Was the declared object of Social Security or the Healthcare law to provide revenue?
Congress cannot, under the pretext of executing delegated power, pass laws for the accomplishment of objects not intrusted to the federal government.
Social Security, general welfare, Helvering, Flemming. The 800 pound gorilla in the room seems to be invisible to you.
"He insists that the present levy is not a true tax, but a penalty imposed for the purpose of suppressing traffic in a certain noxious type of firearms..."
"He" lost the case.
Meaning they are giving the "penalty" a pass because it's a tax, not a penalty.

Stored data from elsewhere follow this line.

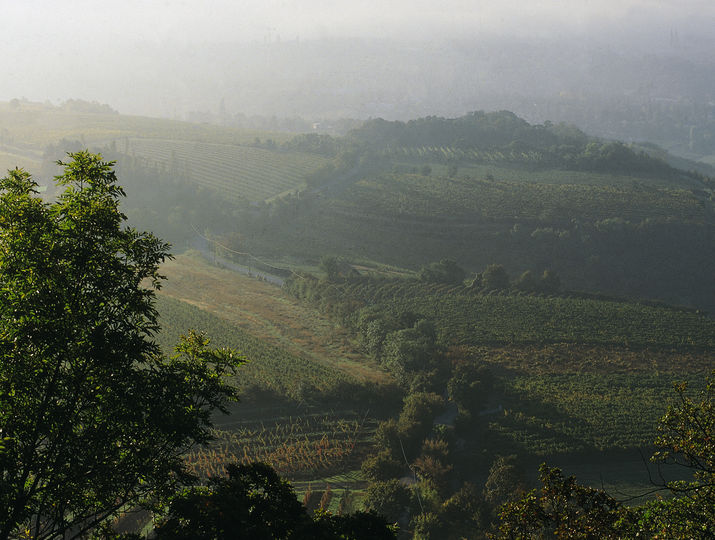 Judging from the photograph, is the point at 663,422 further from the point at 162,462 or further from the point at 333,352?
the point at 333,352

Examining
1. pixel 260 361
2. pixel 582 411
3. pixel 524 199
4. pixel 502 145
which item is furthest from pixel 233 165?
pixel 582 411

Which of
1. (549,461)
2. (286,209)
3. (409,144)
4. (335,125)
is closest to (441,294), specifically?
(549,461)

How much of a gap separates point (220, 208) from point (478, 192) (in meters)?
40.4

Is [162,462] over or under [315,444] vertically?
over

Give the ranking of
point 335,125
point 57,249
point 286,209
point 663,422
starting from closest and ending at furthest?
point 57,249 → point 663,422 → point 286,209 → point 335,125

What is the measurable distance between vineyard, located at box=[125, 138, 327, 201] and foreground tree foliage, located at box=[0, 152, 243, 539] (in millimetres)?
80980

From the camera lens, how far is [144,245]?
10.6m

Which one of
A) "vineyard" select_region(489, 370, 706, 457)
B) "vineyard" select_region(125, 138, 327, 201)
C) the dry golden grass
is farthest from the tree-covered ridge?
"vineyard" select_region(489, 370, 706, 457)

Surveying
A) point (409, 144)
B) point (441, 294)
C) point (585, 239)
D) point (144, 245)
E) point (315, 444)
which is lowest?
point (315, 444)

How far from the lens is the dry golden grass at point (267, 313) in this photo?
144 feet

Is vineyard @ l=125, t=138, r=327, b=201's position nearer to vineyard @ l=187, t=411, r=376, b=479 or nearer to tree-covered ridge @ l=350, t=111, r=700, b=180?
tree-covered ridge @ l=350, t=111, r=700, b=180

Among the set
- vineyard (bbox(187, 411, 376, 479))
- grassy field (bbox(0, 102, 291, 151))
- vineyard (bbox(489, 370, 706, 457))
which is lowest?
vineyard (bbox(187, 411, 376, 479))

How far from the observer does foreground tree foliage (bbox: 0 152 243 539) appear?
933 cm

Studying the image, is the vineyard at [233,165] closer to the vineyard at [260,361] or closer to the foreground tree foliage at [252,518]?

That's not what they said. Here's what they said:
First. It is beyond serious question that a tax does not cease to be valid merely because it regulates, discourages, or even definitely deters the activities taxed. Sonzinsky v. United States, 300 U.S. 506, 513 -514 (1937). The principle applies even though the revenue obtained is obviously negligible, Sonzinsky v. United States, supra, or the revenue purpose of the tax may be secondary, Hampton & Co. v. United States, 276 U.S. 394 (1928). Nor does a tax statute necessarily fall because it touches on activities which Congress might not otherwise regulate. As was pointed out in Magnano Co. v. Hamilton, 292 U.S. 40, 47 (1934): [340 U.S. 42, 45]
Social Security, individual mandate, general welfare and tax, flexible language interpretation. Is none of that going to be addressed? Did I just waste my time responding to you?